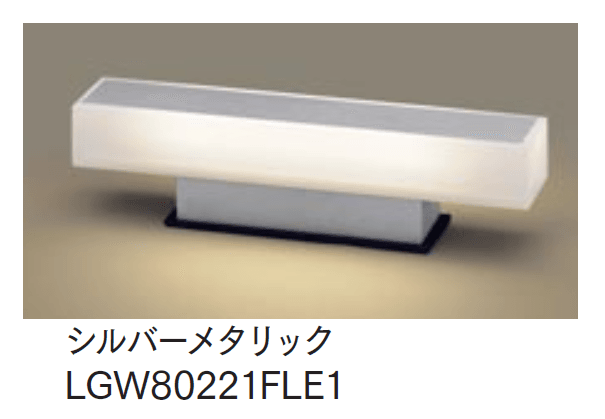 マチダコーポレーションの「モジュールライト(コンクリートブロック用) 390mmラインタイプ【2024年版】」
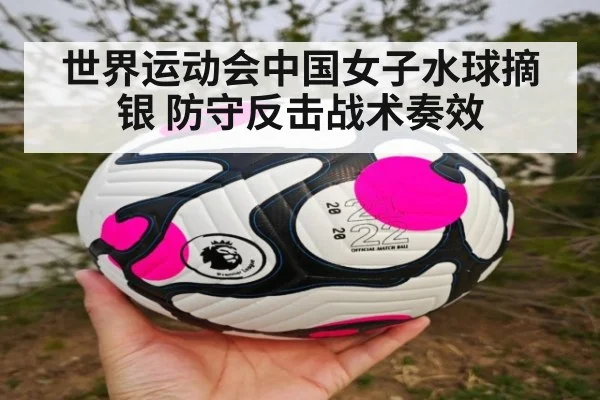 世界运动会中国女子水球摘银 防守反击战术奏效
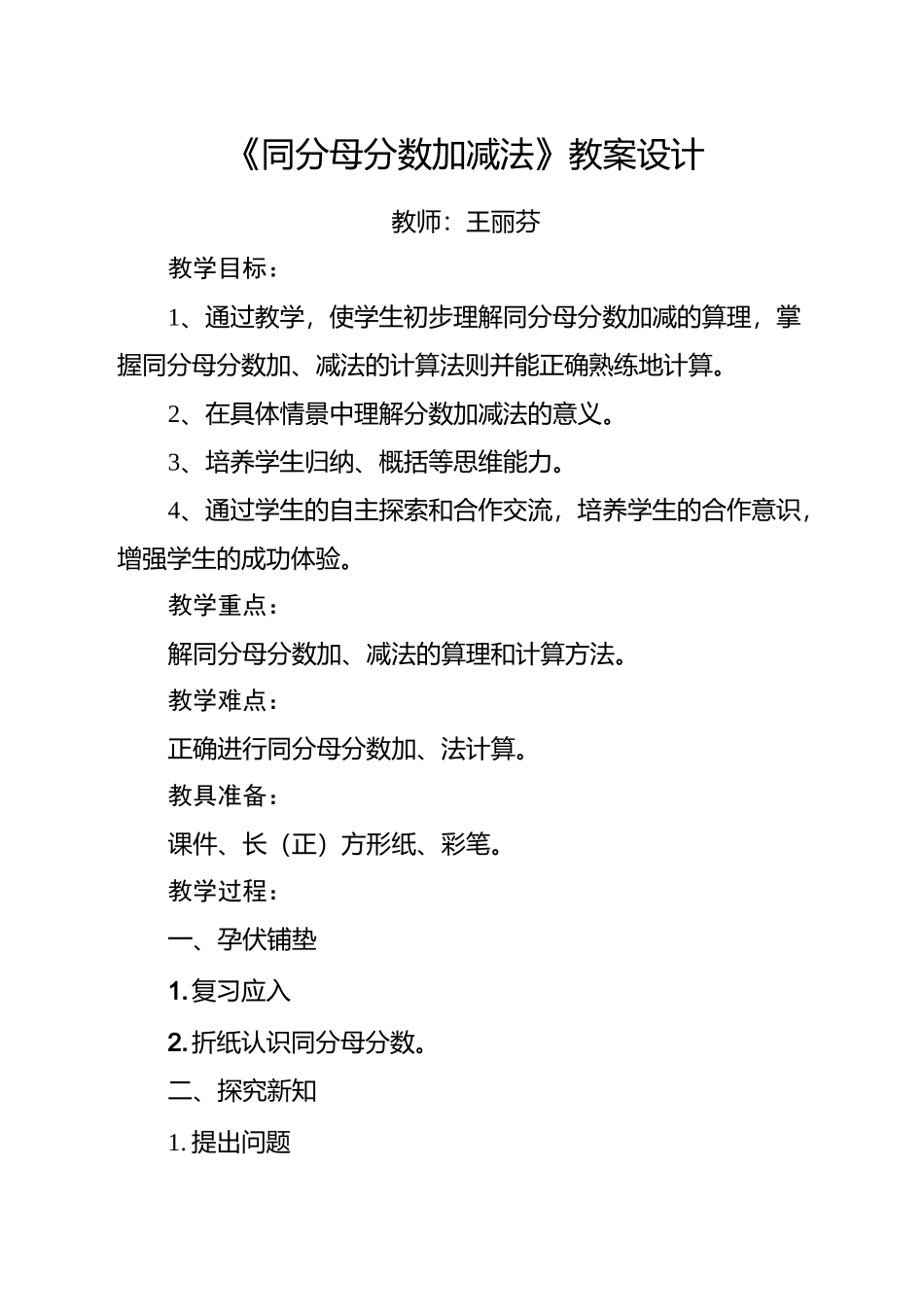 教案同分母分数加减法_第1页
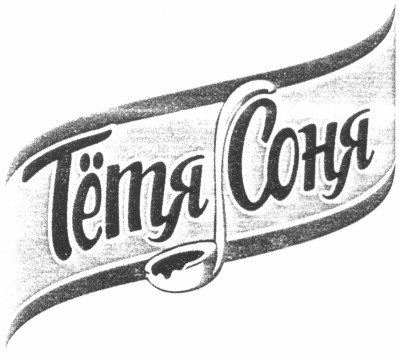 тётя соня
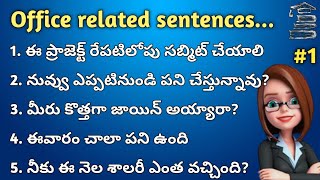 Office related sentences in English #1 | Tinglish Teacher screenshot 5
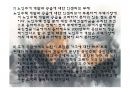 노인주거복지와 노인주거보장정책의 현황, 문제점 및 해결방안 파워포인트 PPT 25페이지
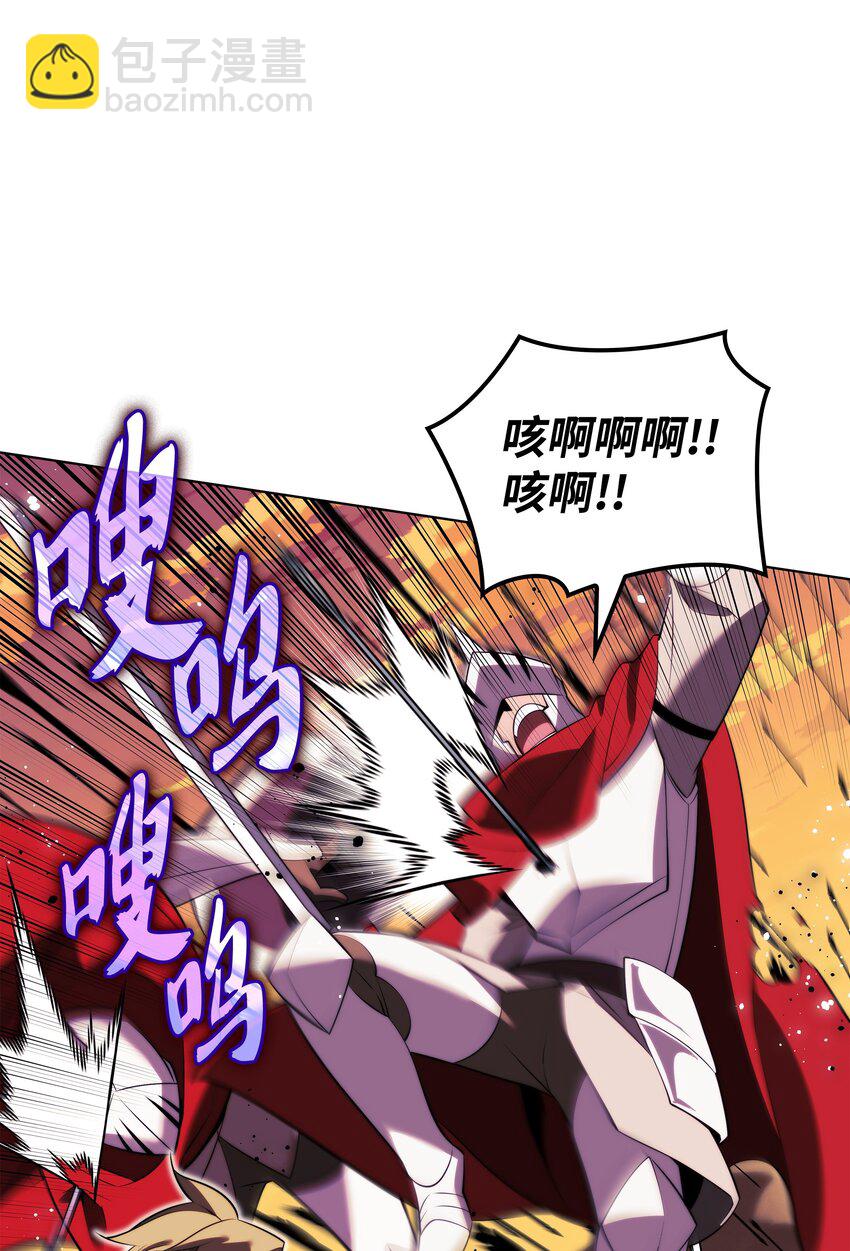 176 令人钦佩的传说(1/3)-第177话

**********

Retype all of the material above precisely as it reads. Pictures are not part of the copy.

• ANSWER TO THIS PROBLEM:
 マチダコーポレーションの「モジュールライト(コンクリートブロック用) 390mmラインタイプ【2024年版】」
 世界运动会中国女子水球摘银 防守反击战术奏效
 教案同分母分数加减法_第1页
 тётя соня
 Office related sentences in English #1 | Tinglish Teacher screenshot 5
 노인주거복지와 노인주거보장정책의 현황, 문제점 및 해결방안 파워포인트 PPT 25페이지
 176 令人钦佩的传说(1/3)-第177话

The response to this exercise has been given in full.